= Provided information =
▼
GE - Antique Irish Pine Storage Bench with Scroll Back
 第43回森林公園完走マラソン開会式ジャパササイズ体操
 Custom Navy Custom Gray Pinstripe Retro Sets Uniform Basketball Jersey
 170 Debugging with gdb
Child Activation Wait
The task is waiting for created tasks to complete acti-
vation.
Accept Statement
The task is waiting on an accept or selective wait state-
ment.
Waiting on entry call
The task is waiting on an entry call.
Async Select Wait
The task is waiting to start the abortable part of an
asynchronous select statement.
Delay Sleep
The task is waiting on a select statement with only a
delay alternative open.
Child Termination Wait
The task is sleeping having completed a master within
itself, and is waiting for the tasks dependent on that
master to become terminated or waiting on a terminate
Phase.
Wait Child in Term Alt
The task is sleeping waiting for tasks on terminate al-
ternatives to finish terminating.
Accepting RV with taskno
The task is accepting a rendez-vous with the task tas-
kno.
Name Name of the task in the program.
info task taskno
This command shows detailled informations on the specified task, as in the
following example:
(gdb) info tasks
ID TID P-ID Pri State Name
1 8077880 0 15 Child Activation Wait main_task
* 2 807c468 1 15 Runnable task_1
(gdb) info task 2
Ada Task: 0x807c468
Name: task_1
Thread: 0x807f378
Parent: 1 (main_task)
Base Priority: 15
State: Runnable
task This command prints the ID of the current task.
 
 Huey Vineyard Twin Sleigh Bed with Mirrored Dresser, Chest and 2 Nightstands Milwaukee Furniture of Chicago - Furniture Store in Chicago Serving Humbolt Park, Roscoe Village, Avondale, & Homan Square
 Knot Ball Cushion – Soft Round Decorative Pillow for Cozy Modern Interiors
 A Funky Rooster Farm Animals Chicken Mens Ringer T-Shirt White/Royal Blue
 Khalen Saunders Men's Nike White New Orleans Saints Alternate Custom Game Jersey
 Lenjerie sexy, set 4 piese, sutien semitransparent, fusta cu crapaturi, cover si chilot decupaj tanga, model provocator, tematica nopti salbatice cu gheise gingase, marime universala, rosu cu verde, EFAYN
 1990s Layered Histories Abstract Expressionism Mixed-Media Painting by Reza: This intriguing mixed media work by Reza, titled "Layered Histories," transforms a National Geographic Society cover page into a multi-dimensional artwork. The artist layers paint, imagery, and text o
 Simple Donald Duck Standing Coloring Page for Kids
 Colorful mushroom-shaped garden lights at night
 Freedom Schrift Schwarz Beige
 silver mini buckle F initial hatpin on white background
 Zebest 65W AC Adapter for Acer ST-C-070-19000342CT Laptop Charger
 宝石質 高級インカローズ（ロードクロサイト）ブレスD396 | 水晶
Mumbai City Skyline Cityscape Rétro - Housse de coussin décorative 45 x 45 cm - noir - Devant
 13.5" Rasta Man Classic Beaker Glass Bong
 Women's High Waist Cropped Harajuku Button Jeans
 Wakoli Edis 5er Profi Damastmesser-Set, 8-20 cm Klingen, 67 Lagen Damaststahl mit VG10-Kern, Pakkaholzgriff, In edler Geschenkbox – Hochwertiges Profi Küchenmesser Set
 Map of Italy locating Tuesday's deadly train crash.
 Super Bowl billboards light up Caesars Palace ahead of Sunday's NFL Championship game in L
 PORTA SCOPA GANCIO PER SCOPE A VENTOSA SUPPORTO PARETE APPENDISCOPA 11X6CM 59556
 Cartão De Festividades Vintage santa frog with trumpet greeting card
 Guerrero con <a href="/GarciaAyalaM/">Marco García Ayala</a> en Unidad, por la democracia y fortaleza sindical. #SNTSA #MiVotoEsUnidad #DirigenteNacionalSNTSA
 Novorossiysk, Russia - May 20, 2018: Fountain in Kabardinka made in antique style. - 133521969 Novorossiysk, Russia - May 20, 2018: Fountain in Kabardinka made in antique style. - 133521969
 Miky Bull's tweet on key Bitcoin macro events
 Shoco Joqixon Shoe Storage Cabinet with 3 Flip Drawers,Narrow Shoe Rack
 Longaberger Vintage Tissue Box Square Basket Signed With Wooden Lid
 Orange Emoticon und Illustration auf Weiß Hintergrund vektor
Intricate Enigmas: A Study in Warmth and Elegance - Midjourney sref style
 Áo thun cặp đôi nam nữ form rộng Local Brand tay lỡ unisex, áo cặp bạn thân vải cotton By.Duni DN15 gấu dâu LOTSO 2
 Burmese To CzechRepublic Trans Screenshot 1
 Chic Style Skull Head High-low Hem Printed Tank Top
▲
= The problem =
If a line above holds the word "master", copy it.

= Written answer =
The task is sleeping having completed a master within
master to become terminated or waiting on a terminate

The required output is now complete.